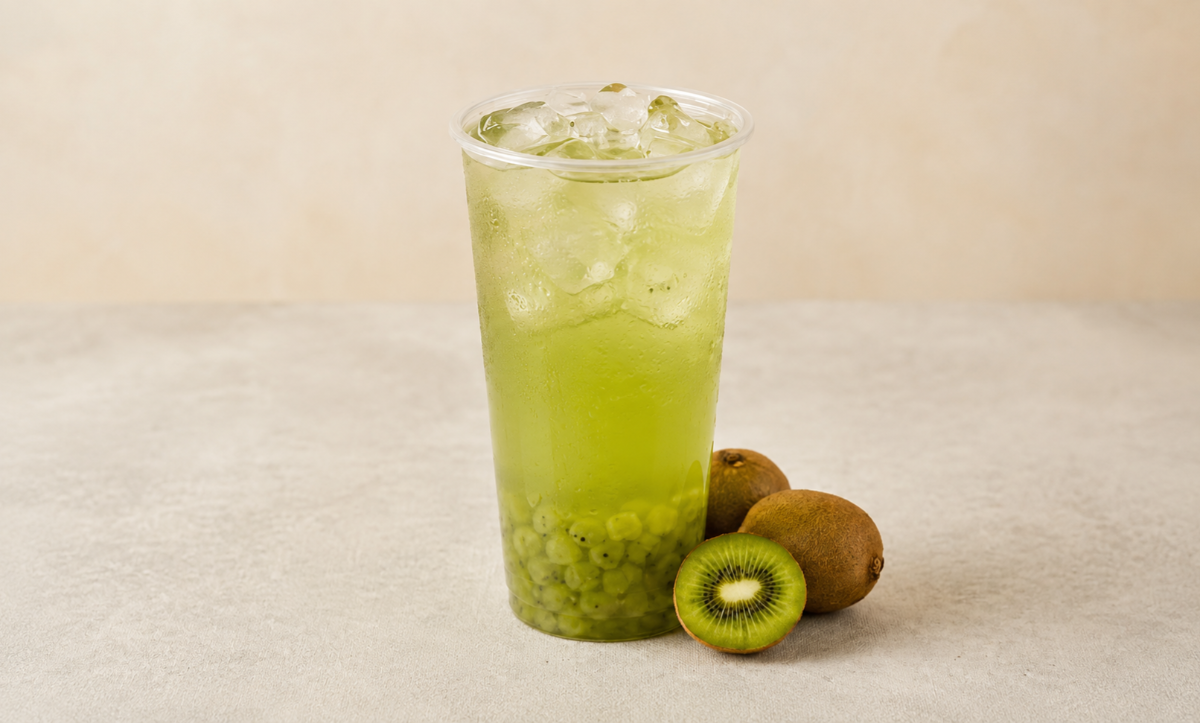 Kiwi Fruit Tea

* * *

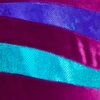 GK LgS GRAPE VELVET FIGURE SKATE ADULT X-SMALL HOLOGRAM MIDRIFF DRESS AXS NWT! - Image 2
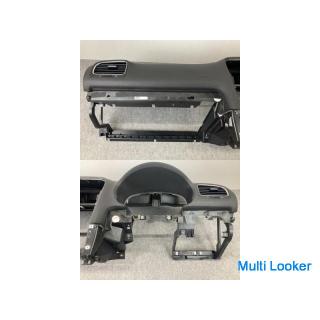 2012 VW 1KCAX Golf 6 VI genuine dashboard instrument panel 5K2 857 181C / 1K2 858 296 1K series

● Instructions for the task:
Nothing except the lines from the one containing "GK LgS GRAPE" through the one containing "2012 VW 1KCAX" should appear in the answer, exactly as above and without pictures.

● Reply:
 GK LgS GRAPE VELVET FIGURE SKATE ADULT X-SMALL HOLOGRAM MIDRIFF DRESS AXS NWT! - Image 2
 2012 VW 1KCAX Golf 6 VI genuine dashboard instrument panel 5K2 857 181C / 1K2 858 296 1K series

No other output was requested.